Start of Records shown
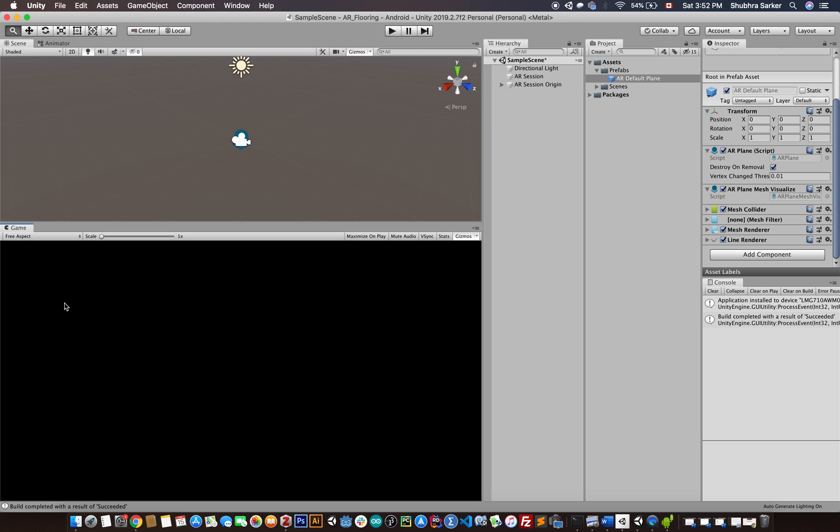The next thing we need to do is draw the plane with our selected textures. To do that, we just need to play a little bit with the default plane's material.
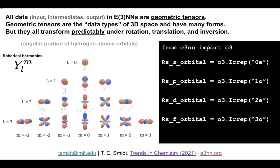Not only inputs, but all data in the network carries these data types — they're all geometric tensors, objects that transform predictably under rotation, translation, and inversion. This is why all layers must be custom-built: it's not just a number, it's a geometric tensor. Things like spherical harmonics transform as fundamental data types in our networks, making it very natural to predict charge densities which are often expressed in terms of spherical harmonics and radial functions.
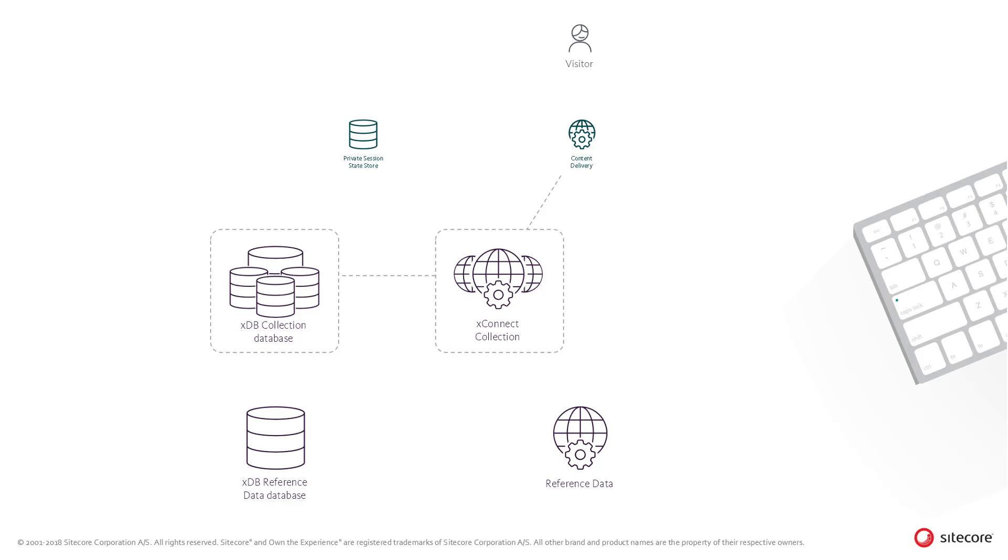As you can imagine, the XDB collection database can potentially contain huge amounts of visitor information. To handle this, the database can be scaled using a mechanism called sharding, which effectively splits the database up into separate databases of reasonable size, and which can be distributed to take the load.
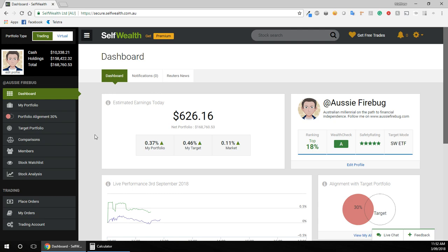Hey guys, welcome back to another how-to video. Today I'm going to explain how to purchase shares, ETFs, or listed investment companies through SelfWealth, which is the broker that I use.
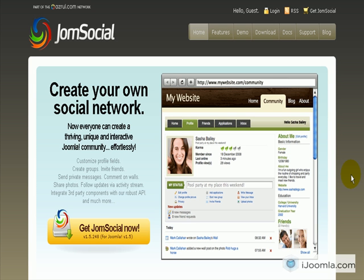Hi everybody, this is Mara from iJoomla and today I'm going to teach you how to download and install JomSocial.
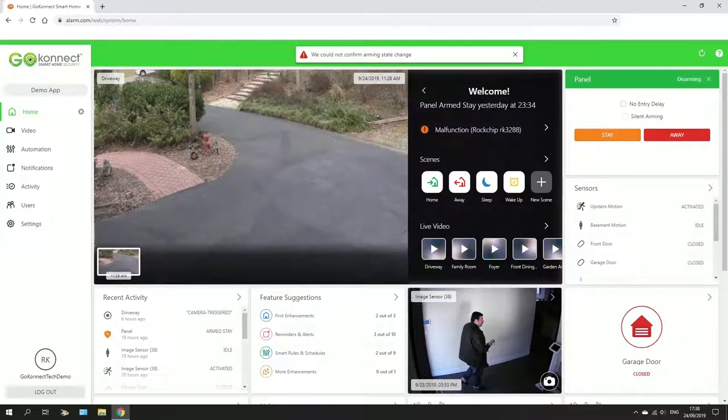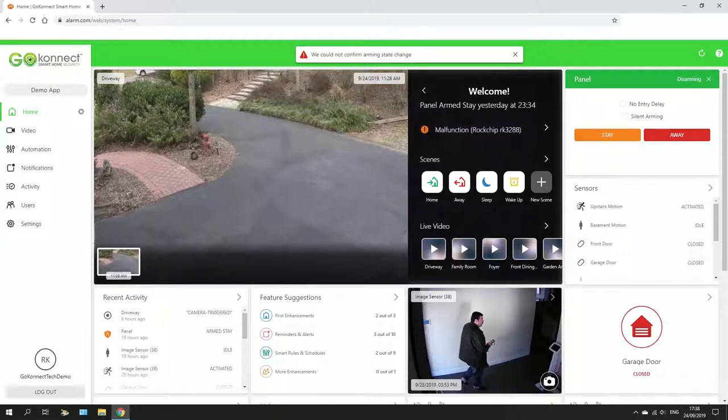If you did want to leave a window open while you're arming your system, you'll have an option up here that would say forced bypass. By clicking forced bypass, it's going to ignore that sensor and it won't trigger your alarm even if you do trigger it.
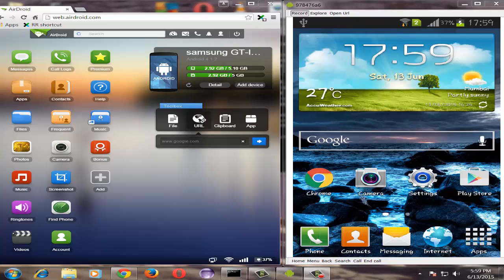To open the same URL you need to install an application called Adroid on your Android phone. Once you have successfully installed this application, you can access it in your browser using the address web.adroid.com.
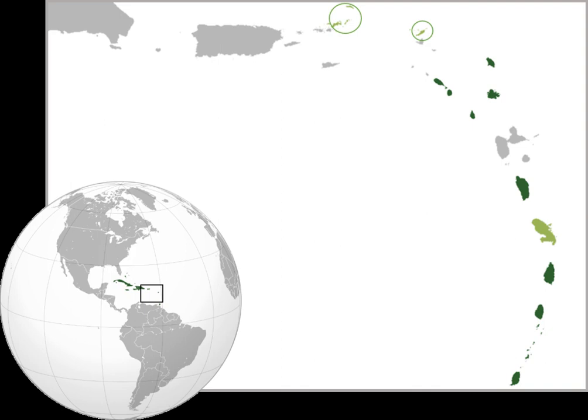The OECS sub-region has a military support unit known as the Regional Security System. It is made up of the independent countries of the OECS along with Barbados. The unit is based in the island of Barbados and receives funding and training from various countries including the United States, Canada and the People's Republic of China.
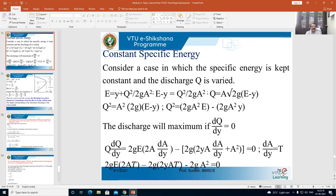Now q is equal to A into v, so therefore v is equal to q by A. So in place of v, if you substitute q by A, you are going to get the equation as E is equal to y plus q squared divided by 2g A squared. Call this as equation number 2. Now rearrange the terms — push the y term to the LHS — you are going to get E minus y is equal to q squared divided by 2g A squared.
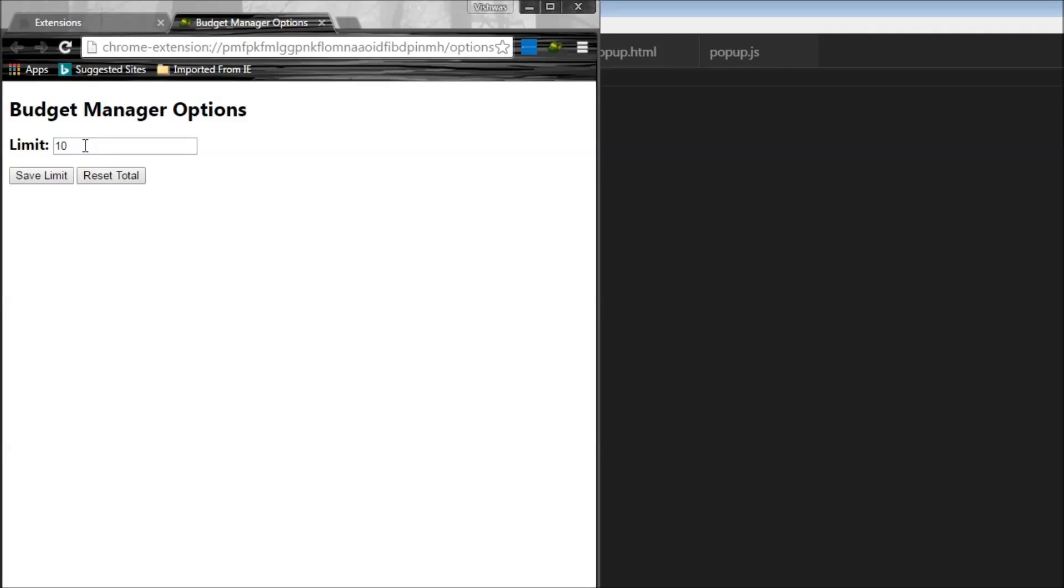Okay, if you guys understood the functionality of popup.js, then this is going to be fairly simple. All we are going to do is when the user enters a limit and clicks on the save limit button, then we are going to set a value in the Chrome storage. And we are going to retrieve that value at a later point of time. And when the user clicks on reset total, then we are going to assign a value of zero to the already existing variable total in the Chrome storage. So let's see how to do that.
End of Records shown
▶ Action item:
Your answer should consist of the lines above between those holding "Hey guys, welcome" and "Now q is equal", inclusive, reproduced word for word and without pictures.

▶ Response box:
Hey guys, welcome back to another how-to video. Today I'm going to explain how to purchase shares, ETFs, or listed investment companies through SelfWealth, which is the broker that I use.
Hi everybody, this is Mara from iJoomla and today I'm going to teach you how to download and install JomSocial.
If you did want to leave a window open while you're arming your system, you'll have an option up here that would say forced bypass. By clicking forced bypass, it's going to ignore that sensor and it won't trigger your alarm even if you do trigger it.
To open the same URL you need to install an application called Adroid on your Android phone. Once you have successfully installed this application, you can access it in your browser using the address web.adroid.com.
The OECS sub-region has a military support unit known as the Regional Security System. It is made up of the independent countries of the OECS along with Barbados. The unit is based in the island of Barbados and receives funding and training from various countries including the United States, Canada and the People's Republic of China.
Now q is equal to A into v, so therefore v is equal to q by A. So in place of v, if you substitute q by A, you are going to get the equation as E is equal to y plus q squared divided by 2g A squared. Call this as equation number 2. Now rearrange the terms — push the y term to the LHS — you are going to get E minus y is equal to q squared divided by 2g A squared.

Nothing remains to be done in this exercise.